DWH Assignment
DWH Assignment
Assignment
Department: BCS-VII
Q: What is OLAP? On-Line Analytical Processing (OLAP) is a category of software technology that enables analysts, managers and executives to gain insight into data through fast, consistent, interactive access to a wide variety of possible views of information that has been transformed from raw data to reflect the real dimensionality of the enterprise as understood by the user. OLAP functionality is characterized by dynamic, multi-dimensional analysis of consolidated enterprise data supporting end user analytical and navigational activities including:
calculations and modeling applied across dimensions, through hierarchies and/or across members trend analysis over sequential time periods slicing subsets for on-screen viewing drill-down to deeper levels of consolidation reach-through to underlying detail data rotation to new dimensional comparisons in the viewing area
OLAP is implemented in a multi-user client/server mode and offers consistently rapid response to queries, regardless of database size and complexity. It helps the user synthesize enterprise information through comparative, personalized viewing, as well as through analysis of historical and projected data in various "what-if" data model scenarios. It is a unique technology which can provide users with a major competitive advantage by giving them the ability to view and analyze data not only in any way, but more importantly, in real-time. Types of OLAP : There are three main types of OLAP, namely MOLAP, ROLAP and HOLAP.
MOLAP - Multidimensional OLAP stores the OLAP summary information in efficiently structured data files. MOLAP cubes normally provide the best level of performance. Whether the calculated items are stored within these structures, will depend on the OLAP product being used.
ROLAP - Relational OLAP stores all the information within a relational database. This will normally include the calculations as well.
HOLAP - Hybrid OLAP stores the summary information in the MOLAP cube format with the more detailed transactional information being available from the relational database.
The quickest response rates are normally achieved using MOLAP. However, some solution functionality may be better accommodated using a combination of approaches. OLAP Applications The market has confirmed the unmatched strengths of OLAP as the foundation for financial decision support applications. Many of the largest and most demanding corporations in the world have eliminated the delays and tedium associated with these critical enterprise financial applications. It empowers managers to make more informed, faster decisions. They can examine and discover critical business issues while they still have time to act upon them and discover relationships that were previously hidden. OLAP's flexibility caters for most modeling applications, including:
Reporting, including multiple reporting formats, income statements, balance sheets, management accounts, head office accounts, cash flow statements, statutory and regulatory reporting
Financial Consolidations Foreign Currency Translations, including European Monetary Units Budgeting Interactively Forecasting, Re-forecasting and Automatic Forecasting Techniques Fixed Assets Register and Depreciation Calculations Cost-Volume-Profit Analysis Allocations Tax Planning Accounts Receivable and Accounts Payable Age Analysis Expense Tracking and Reallocation Market Share Analysis Trend Analysis over time periods
Q: What are Advantages and disadvantages of MOLAP and ROLAP? Advantages of MOLAP
Fast query performance due to optimized storage, multidimensional indexing and caching. Smaller on-disk size of data compared to data stored in relational database due to compression techniques. Automated computation of higher level aggregates of the data. It is very compact for low dimension data sets. Array models provide natural indexing. Effective data extraction achieved through the pre-structuring of aggregated data.
Disadvantages of MOLAP
Within some MOLAP Solutions the processing step (data load) can be quite lengthy, especially on large data volumes. This is usually remedied by doing only incremental processing, i.e., processing only the data which have changed (usually new data) instead of reprocessing the entire data set.
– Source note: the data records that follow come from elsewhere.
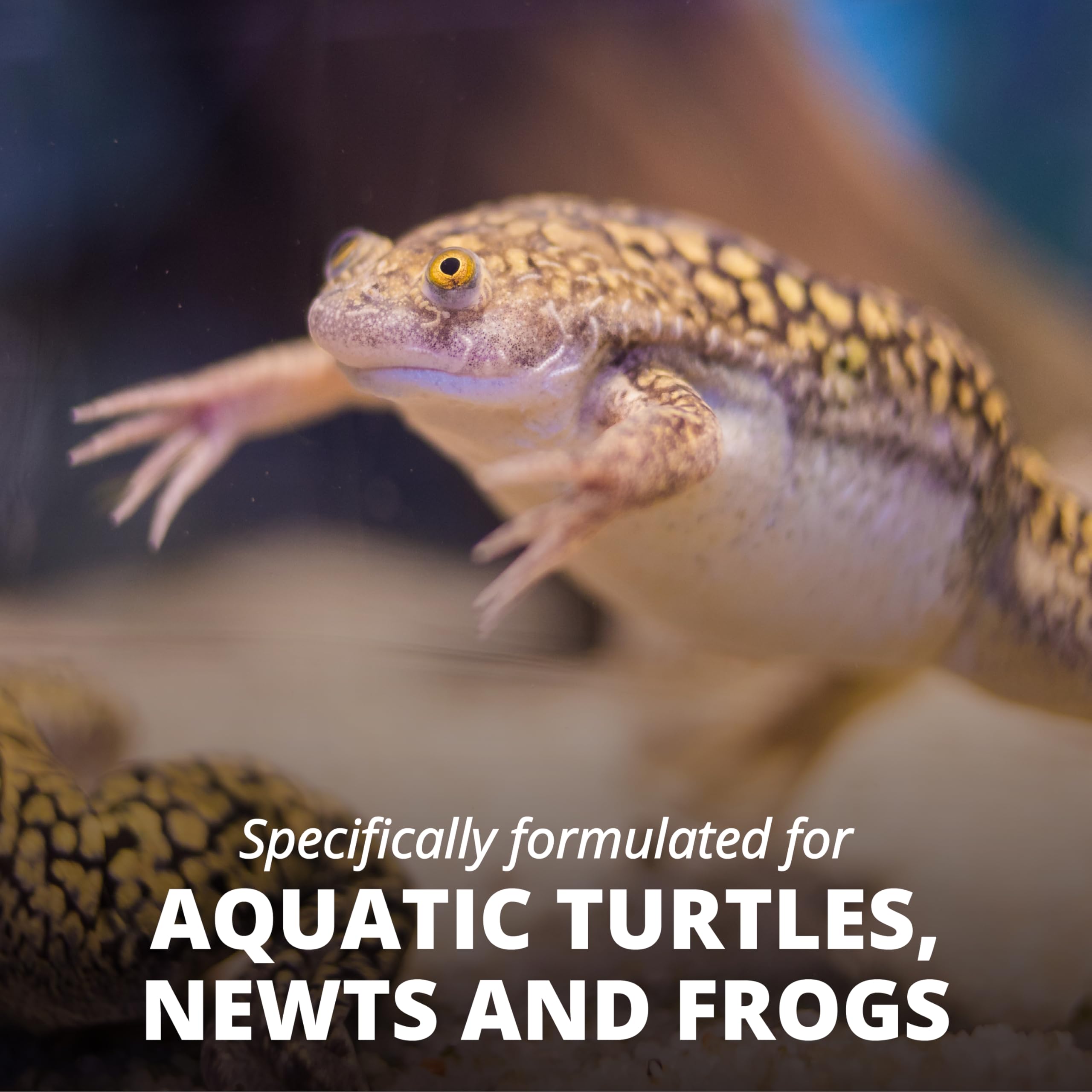 Suitable for turtles, newts and frogs in freshwater tanks.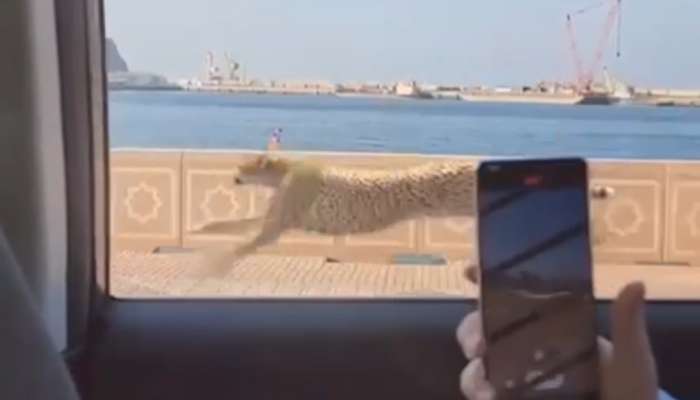No cheetah on the prowl in Muscat!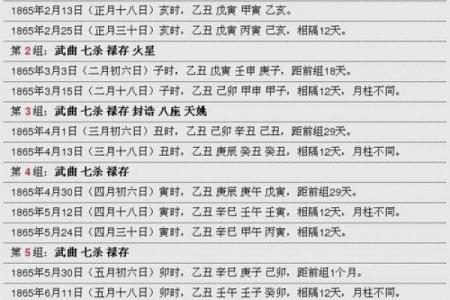 紫微命盘查询免费算命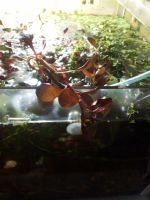 Лот: 11922360. Фото: 2. Людвигия рубин водное растение. Аквариумистика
MOLAP tools traditionally have difficulty querying models with dimensions with very high cardinality (i.e., millions of members). Some MOLAP products have difficulty updating and querying models with more than ten dimensions. This limit differs depending on the complexity and cardinality of the dimensions in question. It also depends on the number of facts or measures stored. Other MOLAP products can handle hundreds of dimensions.
Advantages of ROLAP
ROLAP is considered to be more scalable in handling large data volumes, especially models with dimensions with very high cardinality (i.e., millions of members).
With a variety of data loading tools available, and the ability to fine tune the ETL code to the particular data model, load times are generally much shorter than with the automated MOLAP loads.
The data are stored in a standard relational database and can be accessed by any SQL reporting tool (the tool does not have to be an OLAP tool).
ROLAP tools are better at handling non-aggregatable facts (e.g., textual descriptions). MOLAP tools tend to suffer from slow performance when querying these elements.
By decoupling the data storage from the multi-dimensional model, it is possible to successfully model data that would not otherwise fit into a strict dimensional model.
The ROLAP approach can leverage database authorization controls such as row-level security, whereby the query results are filtered depending on preset criteria applied, for example, to a given user or group of users (SQL WHERE clause).
Disadvantages of ROLAP
There is a consensus in the industry that ROLAP tools have slower performance than MOLAP tools. However, see the discussion below about ROLAP performance.
The loading of aggregate tables must be managed by custom ETL code. The ROLAP tools do not help with this task. This means additional development time and more code to support.
When the step of creating aggregate tables is skipped, the query performance then suffers because the larger detailed tables must be queried. This can be partially remedied by adding additional aggregate tables, however it is still not practical to create aggregate tables for all combinations of dimensions/attributes.
ROLAP relies on the general purpose database for querying and caching, and therefore several special techniques employed by MOLAP tools are not available (such as special hierarchical indexing). However, modern ROLAP tools take advantage of latest
improvements in SQL language such as CUBE and ROLLUP operators, DB2 Cube Views, as well as other SQL OLAP extensions. These SQL improvements can mitigate the benefits of the MOLAP tools.
Since ROLAP tools rely on SQL for all of the computations, they are not suitable when the model is heavy on calculations which don't translate well into SQL. Examples of such models include budgeting, allocations, financial reporting and other scenarios.